On the flip side, some welcomed the idea stating that it would enable farmers to access affordable services.
“The idea is AFC which is funded by govt brings in tractors and lends tilling service to farmers at a cheap price instead of the subsidised fertilisers,” David Osore, another Twitter user stated.
Belarus was rated as a sovereign in ‘selective default’ and ‘default’ by the global rating agency, S&P.
“It means that no country’s commercial bank or listed entity answerable to can have any financial dealings with any entity from the country,” the Weekly Review noted.
Moreover, on the first anniversary of the Russian attack on Ukraine, US Secretary of State Antony Blinken stated that Russia and President Aleksandr Lukashenko’s regime in Belarus would pay a severe economic price for the aggression against Ukraine.
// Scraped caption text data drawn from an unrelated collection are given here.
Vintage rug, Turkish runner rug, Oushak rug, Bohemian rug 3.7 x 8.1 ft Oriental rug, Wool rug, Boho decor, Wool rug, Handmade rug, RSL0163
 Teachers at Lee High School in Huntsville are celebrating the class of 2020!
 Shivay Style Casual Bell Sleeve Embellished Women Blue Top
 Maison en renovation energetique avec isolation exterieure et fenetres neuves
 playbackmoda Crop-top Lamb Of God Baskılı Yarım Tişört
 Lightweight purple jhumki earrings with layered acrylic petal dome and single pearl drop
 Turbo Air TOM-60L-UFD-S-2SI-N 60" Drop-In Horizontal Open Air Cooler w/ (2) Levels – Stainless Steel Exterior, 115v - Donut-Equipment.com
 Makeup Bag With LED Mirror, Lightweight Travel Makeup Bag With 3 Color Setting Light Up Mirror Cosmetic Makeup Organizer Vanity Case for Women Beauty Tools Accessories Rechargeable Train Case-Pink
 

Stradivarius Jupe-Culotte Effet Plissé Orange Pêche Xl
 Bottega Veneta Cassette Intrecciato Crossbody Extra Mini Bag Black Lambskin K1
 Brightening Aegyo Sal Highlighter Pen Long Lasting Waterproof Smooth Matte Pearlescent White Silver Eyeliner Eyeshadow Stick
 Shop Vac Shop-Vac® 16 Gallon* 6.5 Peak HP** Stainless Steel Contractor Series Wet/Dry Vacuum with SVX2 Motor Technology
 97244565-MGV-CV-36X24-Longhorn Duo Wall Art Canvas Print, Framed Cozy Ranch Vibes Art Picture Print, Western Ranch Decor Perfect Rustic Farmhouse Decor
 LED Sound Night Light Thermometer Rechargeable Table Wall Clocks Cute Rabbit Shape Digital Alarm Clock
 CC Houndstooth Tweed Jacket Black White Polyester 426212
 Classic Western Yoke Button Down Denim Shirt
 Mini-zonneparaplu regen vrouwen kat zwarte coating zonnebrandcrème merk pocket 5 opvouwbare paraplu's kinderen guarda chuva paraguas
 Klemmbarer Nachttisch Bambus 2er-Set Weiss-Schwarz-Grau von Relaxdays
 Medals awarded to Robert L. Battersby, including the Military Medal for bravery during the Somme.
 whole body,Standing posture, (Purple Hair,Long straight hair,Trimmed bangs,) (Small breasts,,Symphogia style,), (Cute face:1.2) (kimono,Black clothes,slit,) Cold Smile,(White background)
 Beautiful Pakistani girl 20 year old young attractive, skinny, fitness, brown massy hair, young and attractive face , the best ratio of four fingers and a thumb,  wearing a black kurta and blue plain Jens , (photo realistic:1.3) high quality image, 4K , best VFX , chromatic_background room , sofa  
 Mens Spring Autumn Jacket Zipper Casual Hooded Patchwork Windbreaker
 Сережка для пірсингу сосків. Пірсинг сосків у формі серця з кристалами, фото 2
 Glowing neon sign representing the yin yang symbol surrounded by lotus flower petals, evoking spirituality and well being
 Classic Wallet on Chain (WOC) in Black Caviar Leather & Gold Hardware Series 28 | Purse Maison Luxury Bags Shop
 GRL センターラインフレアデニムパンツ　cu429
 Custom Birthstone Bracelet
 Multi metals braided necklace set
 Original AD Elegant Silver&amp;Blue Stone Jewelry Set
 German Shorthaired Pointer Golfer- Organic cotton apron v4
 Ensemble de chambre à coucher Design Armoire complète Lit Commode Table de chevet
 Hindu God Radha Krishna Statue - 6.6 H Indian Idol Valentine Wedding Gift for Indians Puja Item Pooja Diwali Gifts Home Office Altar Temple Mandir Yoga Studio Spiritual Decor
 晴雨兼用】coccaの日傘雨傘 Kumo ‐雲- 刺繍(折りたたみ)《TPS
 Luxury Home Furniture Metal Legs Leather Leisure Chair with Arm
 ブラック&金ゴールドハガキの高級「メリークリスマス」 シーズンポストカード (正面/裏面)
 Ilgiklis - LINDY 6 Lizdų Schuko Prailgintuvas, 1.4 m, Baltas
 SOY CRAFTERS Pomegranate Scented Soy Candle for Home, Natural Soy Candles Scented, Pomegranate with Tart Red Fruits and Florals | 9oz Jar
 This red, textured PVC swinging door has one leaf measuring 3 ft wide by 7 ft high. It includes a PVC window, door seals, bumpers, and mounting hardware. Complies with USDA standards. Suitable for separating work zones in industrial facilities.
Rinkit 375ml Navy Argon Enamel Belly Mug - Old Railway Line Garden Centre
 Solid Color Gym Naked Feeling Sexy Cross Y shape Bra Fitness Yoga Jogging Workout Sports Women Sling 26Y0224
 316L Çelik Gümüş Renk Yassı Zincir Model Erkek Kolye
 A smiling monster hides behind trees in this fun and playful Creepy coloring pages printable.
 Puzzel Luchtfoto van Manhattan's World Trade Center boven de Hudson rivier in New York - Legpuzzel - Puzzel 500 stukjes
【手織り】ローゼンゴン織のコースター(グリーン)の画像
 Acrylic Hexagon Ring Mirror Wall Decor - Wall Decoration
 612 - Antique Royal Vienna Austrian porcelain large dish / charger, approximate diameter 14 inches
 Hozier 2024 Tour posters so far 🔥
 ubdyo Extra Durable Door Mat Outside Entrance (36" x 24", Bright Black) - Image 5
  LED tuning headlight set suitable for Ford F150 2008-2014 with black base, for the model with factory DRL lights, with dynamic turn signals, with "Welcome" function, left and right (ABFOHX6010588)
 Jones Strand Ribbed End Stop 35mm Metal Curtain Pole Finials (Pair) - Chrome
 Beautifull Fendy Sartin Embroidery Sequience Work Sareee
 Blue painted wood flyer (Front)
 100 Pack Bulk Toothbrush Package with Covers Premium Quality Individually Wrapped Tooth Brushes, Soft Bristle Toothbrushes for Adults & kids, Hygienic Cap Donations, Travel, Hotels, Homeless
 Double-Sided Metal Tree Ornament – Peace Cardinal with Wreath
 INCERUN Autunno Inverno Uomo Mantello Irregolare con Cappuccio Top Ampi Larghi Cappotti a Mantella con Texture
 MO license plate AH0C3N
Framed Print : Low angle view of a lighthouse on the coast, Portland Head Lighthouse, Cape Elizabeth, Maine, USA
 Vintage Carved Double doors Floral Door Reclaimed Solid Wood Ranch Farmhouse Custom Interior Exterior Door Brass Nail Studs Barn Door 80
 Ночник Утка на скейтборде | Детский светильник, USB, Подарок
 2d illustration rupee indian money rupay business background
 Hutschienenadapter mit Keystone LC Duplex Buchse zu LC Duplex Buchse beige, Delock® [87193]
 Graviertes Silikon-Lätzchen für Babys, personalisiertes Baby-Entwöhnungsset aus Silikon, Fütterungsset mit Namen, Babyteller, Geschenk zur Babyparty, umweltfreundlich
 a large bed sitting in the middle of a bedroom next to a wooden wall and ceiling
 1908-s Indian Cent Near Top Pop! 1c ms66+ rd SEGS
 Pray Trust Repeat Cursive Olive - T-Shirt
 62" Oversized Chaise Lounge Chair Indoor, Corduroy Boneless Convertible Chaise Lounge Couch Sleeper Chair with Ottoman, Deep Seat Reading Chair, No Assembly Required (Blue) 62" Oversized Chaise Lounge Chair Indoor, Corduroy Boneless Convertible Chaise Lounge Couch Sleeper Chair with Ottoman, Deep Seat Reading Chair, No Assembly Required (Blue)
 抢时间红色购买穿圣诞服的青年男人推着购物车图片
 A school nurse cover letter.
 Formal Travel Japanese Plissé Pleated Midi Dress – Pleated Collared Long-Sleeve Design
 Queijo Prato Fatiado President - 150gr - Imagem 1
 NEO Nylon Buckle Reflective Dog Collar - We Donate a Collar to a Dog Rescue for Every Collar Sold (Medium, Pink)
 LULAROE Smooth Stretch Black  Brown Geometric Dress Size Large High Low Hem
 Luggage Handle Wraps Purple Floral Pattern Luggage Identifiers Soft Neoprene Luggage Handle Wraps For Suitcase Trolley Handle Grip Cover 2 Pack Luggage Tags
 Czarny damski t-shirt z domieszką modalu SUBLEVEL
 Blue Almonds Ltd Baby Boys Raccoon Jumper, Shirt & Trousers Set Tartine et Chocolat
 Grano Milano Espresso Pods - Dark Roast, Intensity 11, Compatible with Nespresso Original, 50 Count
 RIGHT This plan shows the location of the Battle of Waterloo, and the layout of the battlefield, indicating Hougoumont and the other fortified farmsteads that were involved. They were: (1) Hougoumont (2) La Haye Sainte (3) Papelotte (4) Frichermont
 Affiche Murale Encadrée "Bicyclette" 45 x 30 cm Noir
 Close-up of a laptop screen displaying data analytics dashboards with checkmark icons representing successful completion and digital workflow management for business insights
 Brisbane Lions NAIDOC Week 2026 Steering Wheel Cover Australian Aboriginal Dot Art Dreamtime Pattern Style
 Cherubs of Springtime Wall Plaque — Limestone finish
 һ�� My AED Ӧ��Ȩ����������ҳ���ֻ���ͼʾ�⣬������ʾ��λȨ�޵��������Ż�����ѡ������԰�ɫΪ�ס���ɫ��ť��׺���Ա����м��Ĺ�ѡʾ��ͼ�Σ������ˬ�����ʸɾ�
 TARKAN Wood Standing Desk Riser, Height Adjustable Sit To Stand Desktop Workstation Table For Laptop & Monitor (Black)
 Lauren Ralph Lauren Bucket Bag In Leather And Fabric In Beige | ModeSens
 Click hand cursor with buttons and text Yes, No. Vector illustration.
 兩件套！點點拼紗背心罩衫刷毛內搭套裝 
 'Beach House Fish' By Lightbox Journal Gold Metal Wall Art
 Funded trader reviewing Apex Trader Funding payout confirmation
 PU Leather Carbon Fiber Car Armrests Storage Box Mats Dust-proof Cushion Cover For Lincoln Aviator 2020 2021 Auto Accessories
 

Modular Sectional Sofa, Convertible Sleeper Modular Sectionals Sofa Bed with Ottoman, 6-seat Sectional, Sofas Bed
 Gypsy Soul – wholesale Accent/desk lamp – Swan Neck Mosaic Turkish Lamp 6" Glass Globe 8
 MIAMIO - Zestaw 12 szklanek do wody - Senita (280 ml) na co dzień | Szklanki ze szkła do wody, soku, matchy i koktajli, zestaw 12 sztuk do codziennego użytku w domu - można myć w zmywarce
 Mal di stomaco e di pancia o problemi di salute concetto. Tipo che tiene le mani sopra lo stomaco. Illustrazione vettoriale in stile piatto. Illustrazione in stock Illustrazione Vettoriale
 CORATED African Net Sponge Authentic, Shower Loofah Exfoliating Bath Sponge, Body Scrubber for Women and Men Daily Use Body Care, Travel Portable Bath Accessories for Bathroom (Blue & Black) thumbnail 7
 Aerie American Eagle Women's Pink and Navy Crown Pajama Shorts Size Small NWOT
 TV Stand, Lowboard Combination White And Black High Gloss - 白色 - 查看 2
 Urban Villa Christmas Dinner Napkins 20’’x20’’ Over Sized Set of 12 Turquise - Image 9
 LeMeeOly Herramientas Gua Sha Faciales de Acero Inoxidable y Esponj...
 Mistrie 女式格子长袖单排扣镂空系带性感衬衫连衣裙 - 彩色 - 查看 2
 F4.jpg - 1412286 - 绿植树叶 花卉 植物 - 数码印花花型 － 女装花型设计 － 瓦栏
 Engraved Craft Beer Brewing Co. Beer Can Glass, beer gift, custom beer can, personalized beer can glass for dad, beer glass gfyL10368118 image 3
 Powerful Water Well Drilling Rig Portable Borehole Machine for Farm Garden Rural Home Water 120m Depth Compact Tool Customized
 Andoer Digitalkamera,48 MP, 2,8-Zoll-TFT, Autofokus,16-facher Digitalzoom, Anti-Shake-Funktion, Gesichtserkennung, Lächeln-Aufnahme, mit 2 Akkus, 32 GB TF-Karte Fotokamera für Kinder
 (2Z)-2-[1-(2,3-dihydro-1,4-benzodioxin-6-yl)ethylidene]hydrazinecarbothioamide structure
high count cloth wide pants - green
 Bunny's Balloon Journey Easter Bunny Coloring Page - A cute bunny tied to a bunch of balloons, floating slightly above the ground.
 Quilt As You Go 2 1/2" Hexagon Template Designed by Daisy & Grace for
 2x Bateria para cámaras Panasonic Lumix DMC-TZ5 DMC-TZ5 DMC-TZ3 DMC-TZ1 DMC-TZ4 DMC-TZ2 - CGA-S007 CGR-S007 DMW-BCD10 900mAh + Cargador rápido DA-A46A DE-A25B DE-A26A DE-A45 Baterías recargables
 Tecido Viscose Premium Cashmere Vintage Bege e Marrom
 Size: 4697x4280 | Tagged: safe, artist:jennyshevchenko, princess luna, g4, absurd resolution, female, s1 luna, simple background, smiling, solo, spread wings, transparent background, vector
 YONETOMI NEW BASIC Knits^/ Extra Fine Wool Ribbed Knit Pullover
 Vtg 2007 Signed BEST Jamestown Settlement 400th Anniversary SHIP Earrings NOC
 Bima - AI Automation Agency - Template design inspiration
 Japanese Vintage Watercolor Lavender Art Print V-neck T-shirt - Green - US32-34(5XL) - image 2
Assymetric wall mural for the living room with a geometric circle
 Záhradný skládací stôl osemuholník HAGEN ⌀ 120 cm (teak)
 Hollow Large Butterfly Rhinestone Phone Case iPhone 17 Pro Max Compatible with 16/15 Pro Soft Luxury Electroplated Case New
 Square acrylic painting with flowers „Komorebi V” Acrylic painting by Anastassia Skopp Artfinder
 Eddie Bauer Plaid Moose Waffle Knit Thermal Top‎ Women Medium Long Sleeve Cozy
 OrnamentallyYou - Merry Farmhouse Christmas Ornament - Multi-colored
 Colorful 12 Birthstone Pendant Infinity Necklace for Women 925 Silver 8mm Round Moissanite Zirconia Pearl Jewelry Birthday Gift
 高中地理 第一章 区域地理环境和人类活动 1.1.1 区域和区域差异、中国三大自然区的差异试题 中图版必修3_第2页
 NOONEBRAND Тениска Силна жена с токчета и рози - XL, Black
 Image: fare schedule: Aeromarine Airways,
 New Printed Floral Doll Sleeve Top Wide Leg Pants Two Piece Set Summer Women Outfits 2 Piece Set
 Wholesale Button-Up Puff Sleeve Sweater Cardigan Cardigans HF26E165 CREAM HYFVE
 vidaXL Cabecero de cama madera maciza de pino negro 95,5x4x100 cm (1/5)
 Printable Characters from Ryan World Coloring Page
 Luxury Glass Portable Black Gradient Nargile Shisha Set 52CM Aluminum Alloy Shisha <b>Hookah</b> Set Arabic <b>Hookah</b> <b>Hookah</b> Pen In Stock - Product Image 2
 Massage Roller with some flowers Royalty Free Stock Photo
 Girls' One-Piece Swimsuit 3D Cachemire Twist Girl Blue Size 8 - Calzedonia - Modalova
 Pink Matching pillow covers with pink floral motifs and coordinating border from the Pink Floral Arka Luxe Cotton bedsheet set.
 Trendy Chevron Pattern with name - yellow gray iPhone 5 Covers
He further warned of sweeping sanctions targetting export controls, and visa restrictions to cut off Russia’s and Belarus’s access to vital technological inputs.
This, according to the report, puts Kenya in a difficult diplomatic position because it seeks to transact with a country under trade sanctions from powerful Western countries including the United States.
“Since the war in Ukraine started, Belarus has been struggling to circumvent Western sanctions against exports of its agricultural equipment industry, and has been constantly fighting to limit exposure of its companies and subsidiaries to the penalties,” added the review.